The statement recalled the 2001 assassination of MP Phoolan Devi, when Parliament “took note” of the attack. In contrast, the signatories said today’s institutions have responded with “institutional freeze and silence.”

“We remain mute spectators only to our own peril,” the statement warned, urging citizens to organize and speak out against violence and repression.

The entire statement may be read here:

Concerned Citizens

Mumbai, June 3, 2026

The Saturday May 30-31, 2026 brute attacks in West Bengal, first on Lok Sabha Member of Parliament (MP), Abhishek Banerjee and thereafter on another MP of the Trinamool Congress (TMC), Kalyan Banerjee mark yet another, but new, all-time low under the present regime under the Bharatiya Janata Party (BJP) and the current prime minister. The violent attacks 26 days after an election result that has been shrouded under a cloud with the conduct of the Central Election Commission (CEC) –with 91 lakh previous voters divested of their voting rights—needs to be condemned with rigour and foresight.

These violent attacks –while Central forces are still deployed in the state —not only signify the utter and complete breakdown of any semblance of the Rule of Law in West Bengal. They send out grim warning signals to the rest of the country, and are a sign that all out fratricide (more physical, unchecked attacks on the Opposition) may follow. Widespread physical threats and violence in states governed by the same party may well become the norm and it is time, for those Indians, with conscience and voice, to speak out. Now.

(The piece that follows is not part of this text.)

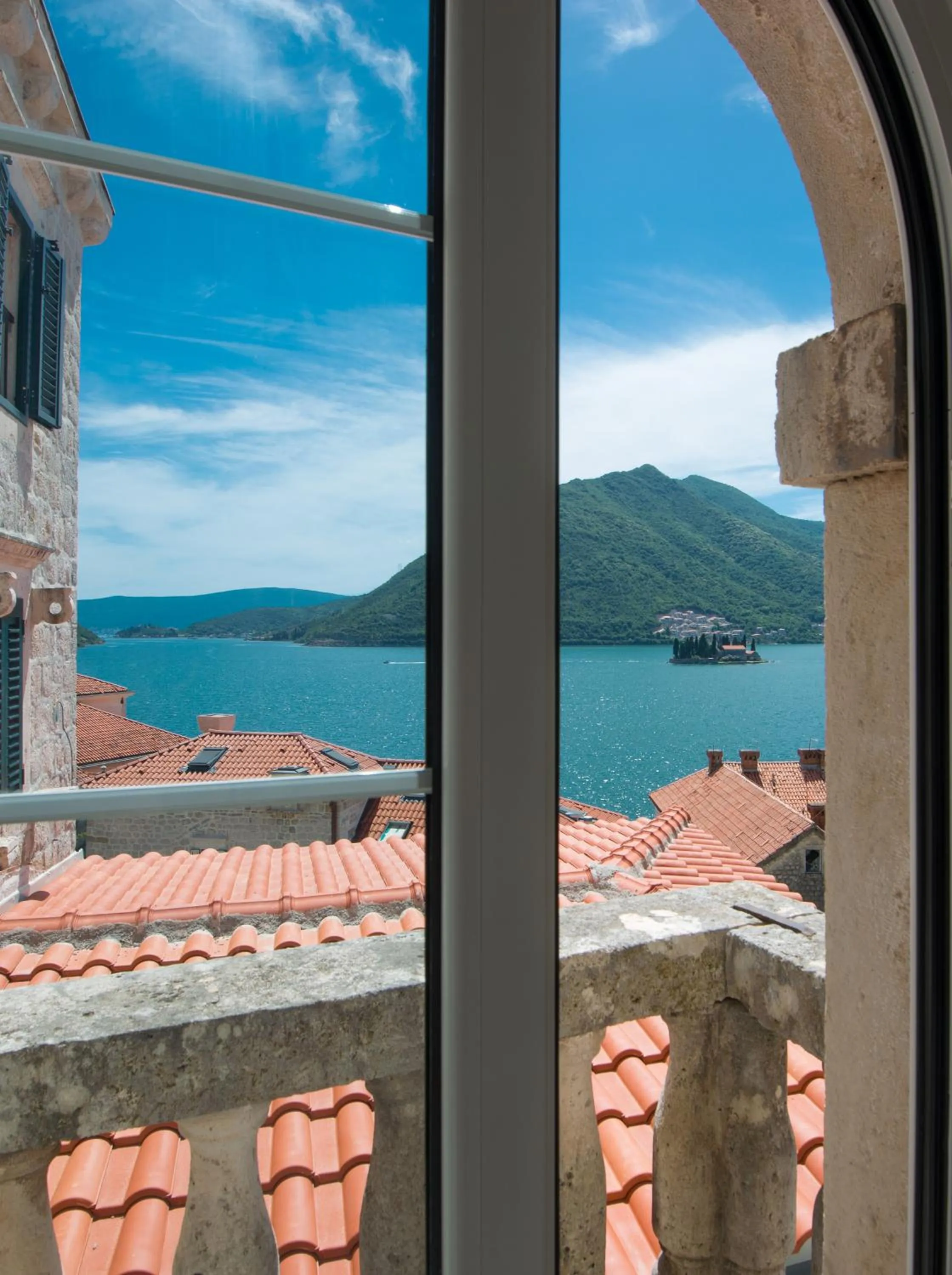 Conte Hotel & Restaurant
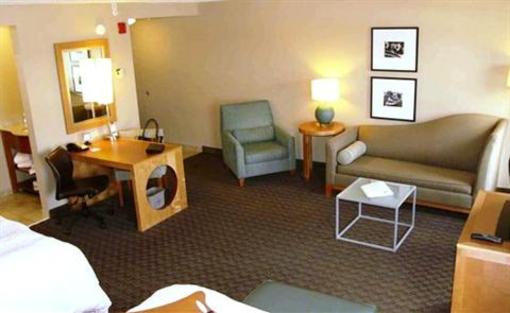 фото отеля Hampton Inn & Suites St. Louis at Forest Park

Just a day after the controversial May 4, 2026 results in West Bengal, none less than another discredited and authoritarian oligarch leader of the world’s second largest (and ‘oldest’) democracy, Donald Trump doled out widely-publicised words of congratulation to the Indian Prime Minister. These words from one head of state to another, after a state/federal election where several parties participate, were sharply condemned by some members of the Opposition who deemed this as ‘direct interference in internal affairs’ and an ‘attack on Indian federalism.’ Trump is a discredited world leader who’s moral and other failures on the domestic and international front, bear no recounting. Yet the overall immunity that this Regime is functioning under/with, clearly comes from this unholy alliance that it has individually built with a world leader and its state, at the cost of Indian economic and defence interests and its sovereignty.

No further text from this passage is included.